» **Required work**
In the records below, the part to copy starts at the line containing "First, you have" and goes to the last line; output it exactly, without pictures.

Records from a collection:
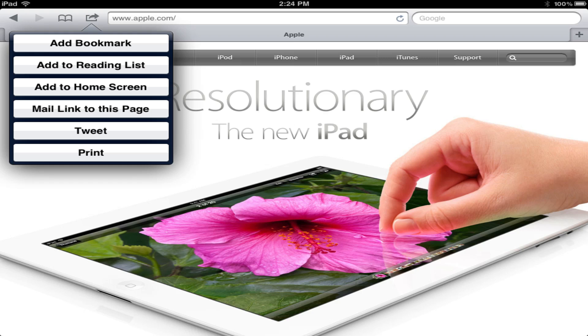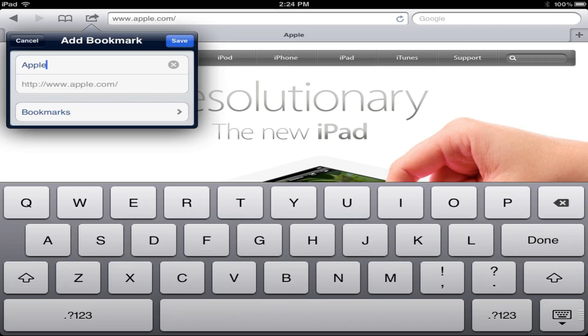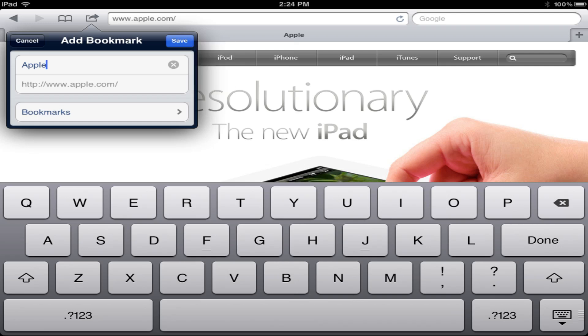Once you click on that it's going to give you a bunch of different options. Today we're just going to add bookmark. Once we click that option it's going to ask you to go ahead and name this bookmark. I recommend keeping it short and sweet so that you remember it and it's easy to decipher which bookmark is which.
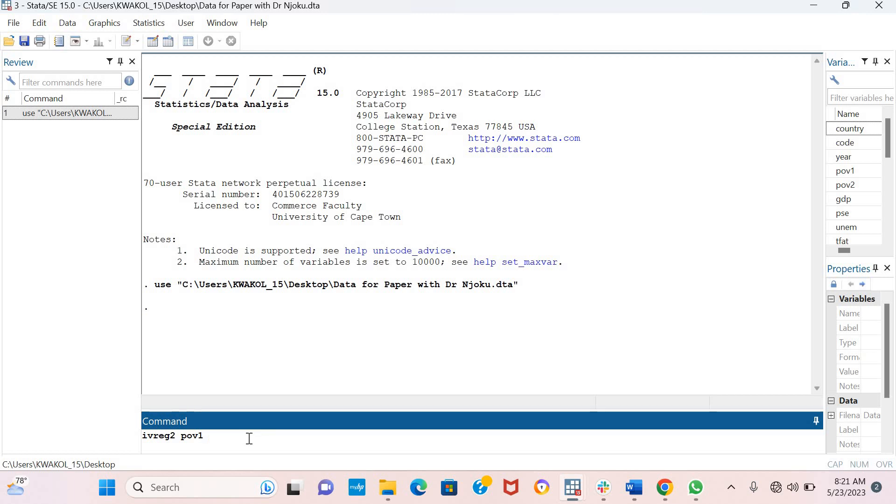For this example, I'm assuming that GDP is exogenous. So I'll type log GDP and open a bracket.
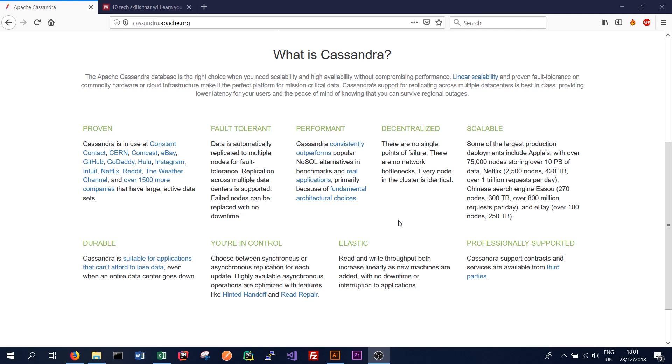Thanks for watching, guys. Don't forget to like the video, subscribe to the channel, and leave a comment. In the next video we'll look briefly at the CAP theorem, which is central to distributed databases.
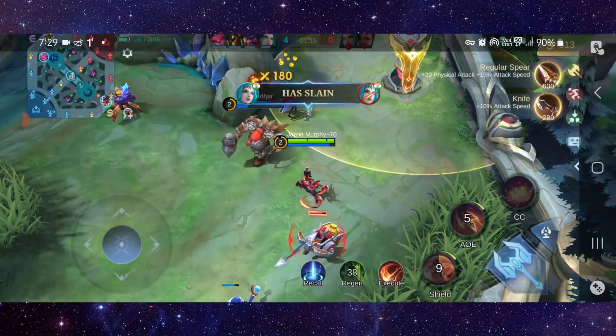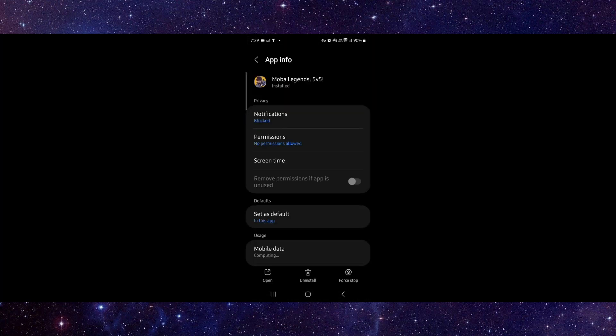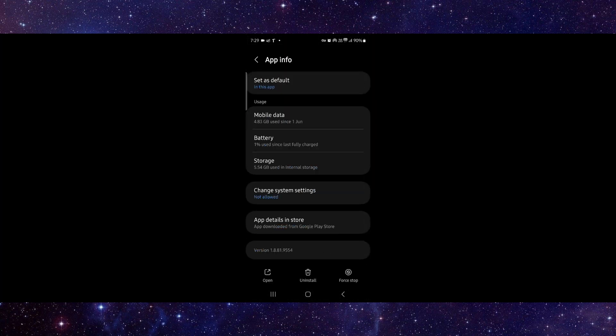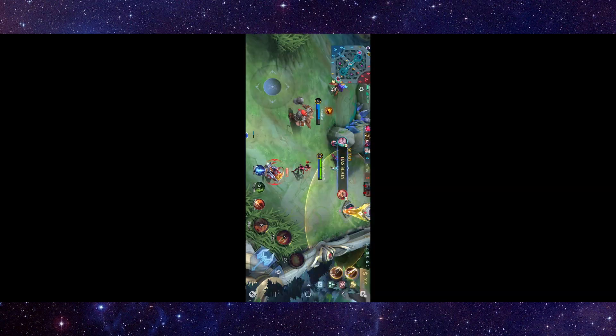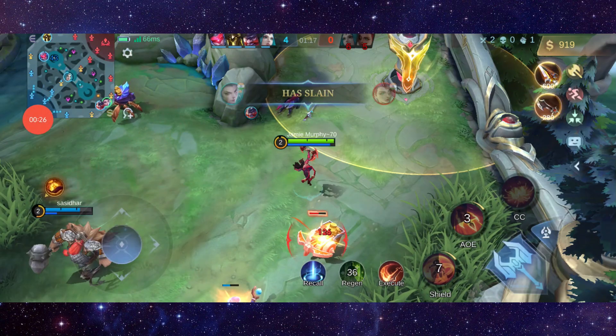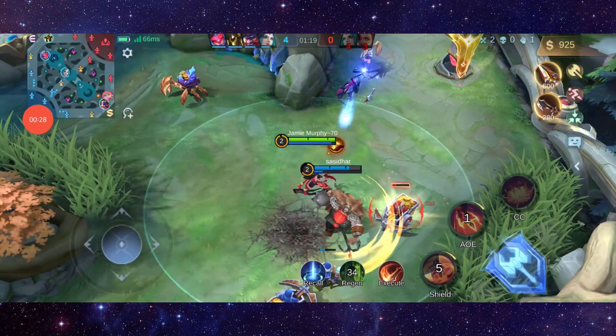First, you have to go here, then go to this app info, then go to the last second option — check for an update. After that, you can open the app and it should be fixed.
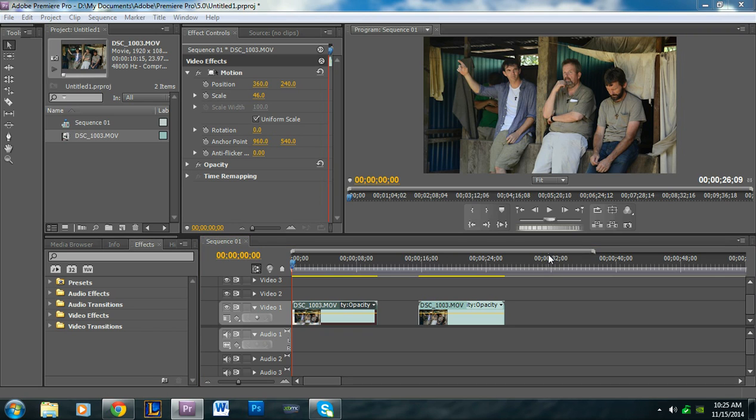Hi guys, welcome to another video tutorial. My name is Alan from Premiere Pro Tips and in this tutorial I'm going to show you guys how to zoom in.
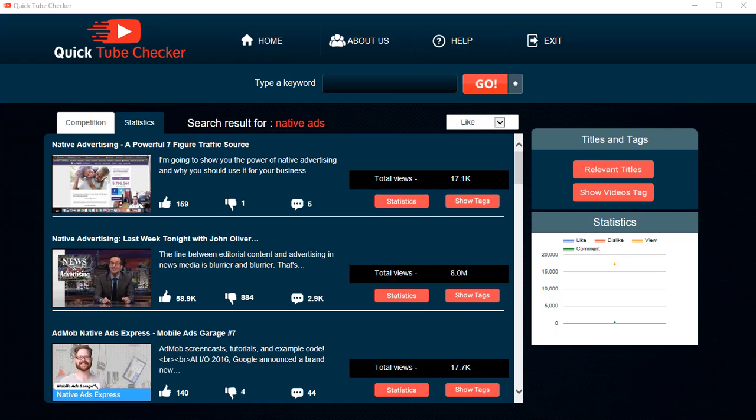It's gonna be available to anyone who has bought a product from us or who purchases something from us in the future. We're gonna make it available as a bonus. So if you're on my mailing list, you will see Quick Tube Checker offered to you.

» **Answer to the exercise**
First, you have to go here, then go to this app info, then go to the last second option — check for an update. After that, you can open the app and it should be fixed.
Hi guys, welcome to another video tutorial. My name is Alan from Premiere Pro Tips and in this tutorial I'm going to show you guys how to zoom in.
It's gonna be available to anyone who has bought a product from us or who purchases something from us in the future. We're gonna make it available as a bonus. So if you're on my mailing list, you will see Quick Tube Checker offered to you.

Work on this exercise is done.